**WORK TO BE COMPLETED**
Could you reproduce, from the records below, everything from the line with "workout area with" down to the line with "Europäische Richtlinie verankert", keeping both of those lines and changing nothing?

**RECORDS PROVIDED**
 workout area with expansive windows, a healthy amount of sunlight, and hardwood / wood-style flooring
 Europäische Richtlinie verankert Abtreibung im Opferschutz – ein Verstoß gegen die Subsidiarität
...
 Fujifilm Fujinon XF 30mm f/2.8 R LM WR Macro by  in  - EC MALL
* * *
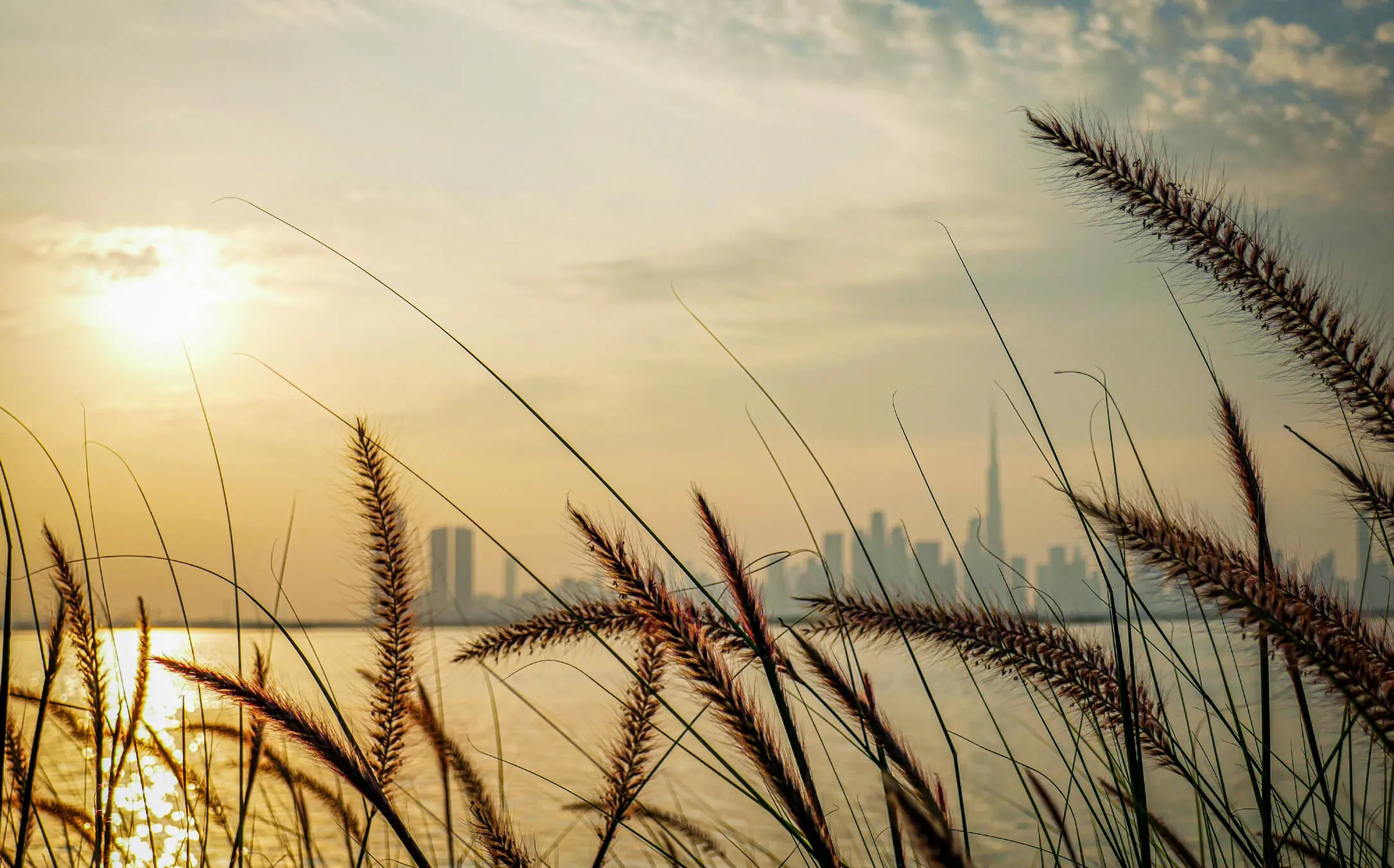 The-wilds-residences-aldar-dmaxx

**RESPONSE TO THE TASK**
 workout area with expansive windows, a healthy amount of sunlight, and hardwood / wood-style flooring
 Europäische Richtlinie verankert Abtreibung im Opferschutz – ein Verstoß gegen die Subsidiarität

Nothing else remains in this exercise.